Does Mr. Case think that only Non-Paper Caymanians'(for want of a better phrase) have the monopoly on being religious?
We were all Paper Caymanians in one way or another at one time – ( remember Mr. Case, a few hundred years ago when this Island was not populated – your predecessors and mine settled here just as many newcomers today – although admittedly in much harder circumstances).
So you too are also technically an ex-pat Paper-Caymanian – albeit, by default.
My father was born and raised in Cayman and left the country as did many Caymanians, to go to sea.
The fact that he fell in love with a non-Caymanian meant that I was born off the Island and so, am a Paper-Caymanian or would it be a Half-Paper-Caymanian?
I guess it must have been my Caymanian side that rubbed off and kept me from being a money-worshipping heathen.
Actually, my mother was the more religious influence.
By the way, religion is alive and well in the sordid and decadent world of the Paper-Caymanian.
I come from a family of staunch churchgoers both here and overseas.
As far as Sunday trading is concerned, you seem to be implying that all religious people should have exactly the same beliefs as you.
Apart from other religions (e.g. Muslim, Jewish etc which are also practiced by Caymanians), what about those who celebrate the Sabbath on a Saturday? Should they now be forced to recognize Sunday as the Sabbath because you think that it’s right ?
By all means, set aside your Sunday for worship, rest and relaxation – Although I do not feel one way or the other about Sunday trading (and no, I did not vote in the poll).
I really don’t think that those who are advocating Sunday trading are trying to make it compulsory for you to go shopping – so you may feel free to sit at home with a clear conscience.
At the end of the day, what we’re referring to is things being pushed upon us.
Let’s take the situation of Sunday loud music in bars. This is outlawed, but those same people who are not allowed to play loud music are forced to listen to loud music, drums beating and singing from churches just a few yards away whether they like it or not.

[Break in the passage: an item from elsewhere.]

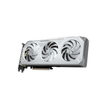 Imagen de TARJETA DE VIDEO GIGABYTE RADEON GV-R906XGAMINGOCEICE-16GB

I am not criticizing nor am I saying that the churches should not be allowed to do that.
I am just making the point that despite my beliefs, maybe some people would have a problem with it and as a tolerant Christian person, I should be prepared to accept their point of view even if I do not agree with it.
At the end of the day, the Sabbath should be a day that each person in his/her heart wishes to dedicate to their God and if I need to run to the supermarket on the way home from church to get a carton of milk to put in the cups of tea/coffee of my after-church prayer group members – I don’t think God would mind and I certainly do not feel that it makes me any less religious than you, because of it.
Christianity teaches tolerance. Let us practice what we preach, not decry our fellow citizens because they have a different point of view and certainly let us not stereotype people just because they were not actually born on the Island.
You intimate that Caymanians would not bother to respond to a poll. You underestimate the intelligence of your fellow countrymen sir. Caymanians are a very intelligent people who respond in all walks of life as equally, intelligently and vibrantly as do their paper counterparts.
As the old phrase goes, I do not agree with what you are saying but I will defend your freedom to say it.